Zaferle sonuçlanan savaşla birlikte Sedat da kutlananlar arasında anıldı.
Düşman dost, dost da düşman oldu
Gazetelerde haberleri bölük pörçük yer aldığı için insanlarımızın büyük çoğunluğu son zamanlarda meydana gelen bölgedeki sarsıntıların ne anlama taşıdığınıanlamakta zorlanıyor, bunu biliyorum. Ne oldu da İsrail ‘düşman’ olmaktan çıktı da birden bire yakınlaşılacak, ortak hareket edilecek bir ‘dost’ haline gelebildi?
Bu sorunun makul bir cevabı yok.
İsrail bildiğimiz İsrail. Başbakanı Benjamin Netanyahu daha düne kadar Batı Şeria’yı İsrail topraklarına resmen de ilhak etmekten söz ediyordu. Yakınlaşmayı sağlayan ABD Kudüs’ü İsrail’in başkenti saydığını büyükelçiliğini de oraya taşıyarak duyurdu. Filistin toprakları hala işgal altında ve Gazze hala açık cezaevi görüntüsünde.
Değişen Mısır’ın da dahil olduğu Arap ülkelerinin konuya yaklaşımları…
Türkiye ‘düşman’ oldu, İsrail ise ‘dost’…
Köklü sayılabilecek bu değişimde Türkiye’nin tavrının da bir etkisi var mıdır?
Düzenlediği toplantılarda el-Sisi’nin ‘dış düşman’ diye andığı herhalde İsrail değildir. Donald Trump’ın “En sevdiğim diktatör” övgüsünü yüzüne karşı yapmasından hareketle, el-Sisi’nin ‘dış düşman’ ilan ettiği ülkenin ABD olmadığı da belli. Fransa ile ortak askeri tatbikatlar sürdürüyor ve Avrupa Birliği ile de iyi ilişkiler içerisinde Mısır. Katar dışındaki Körfez ülkeleri ve Suudi Arabistan liderleriyle de çok samimiler.
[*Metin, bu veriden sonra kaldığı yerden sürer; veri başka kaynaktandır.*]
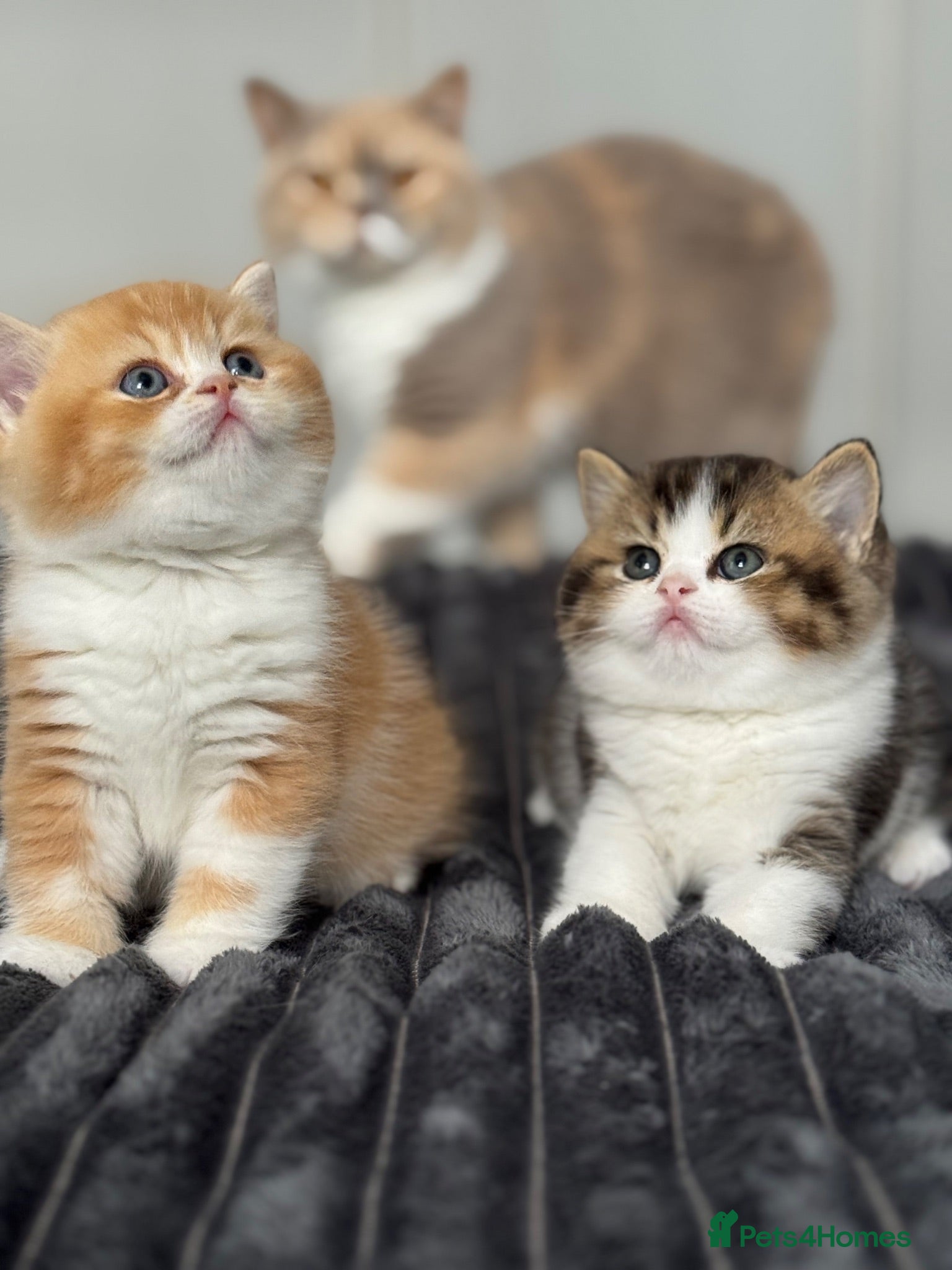 British Shorthair cats Two stunning male kittens TICA reg (September)  - Advert 1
Rusya ile ise 2018’de imzaladıkları ‘stratejik ortaklık’ anlaşması sonrasında gelişen, Libya’da işbirliğiyle daha da somutlaşan ‘ittifak’ derecesinde yakın ilişkileri var.
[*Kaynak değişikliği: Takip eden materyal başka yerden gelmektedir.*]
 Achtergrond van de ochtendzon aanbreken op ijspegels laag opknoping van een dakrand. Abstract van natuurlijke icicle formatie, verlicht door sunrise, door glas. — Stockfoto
Geriye bir tek Türkiye kalıyor.
Bu durum da bana çok garip geliyor.
‘Ülke içini karıştırmaya çalışan dış düşmanlar’ söyleminin iki ülkede ortak kullanımı bu denli belirgin iken…
Yazımda adlarını andığım ülkelerin her biriyle ilişkilerimiz ‘soğuk’ olmak zorunda mı?
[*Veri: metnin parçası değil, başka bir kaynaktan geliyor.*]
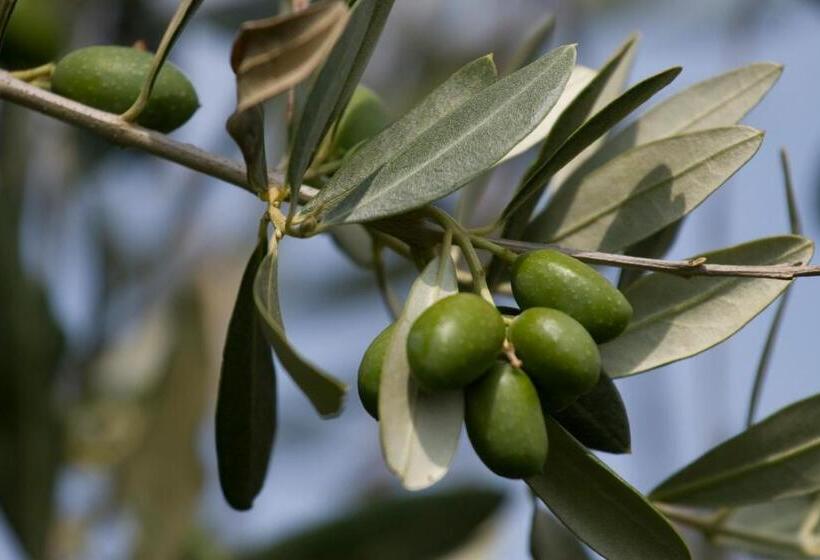 Отель Sant'antonio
“Her benzer ortamda dile getirilen ‘Türk’ün Türk’ten başka dostu yoktur’ deyişi sonunda gerçekleşti” diyeceğim, ama görüyorsunuz, ‘kardeş’ Azerbaycan da sonunda Putin’in kurduğu ve Türkiye’nin bulunmadığı bir masaya oturarak o deyişin akla getirdiği anlamı bir nevi tekzip etmiş oldu.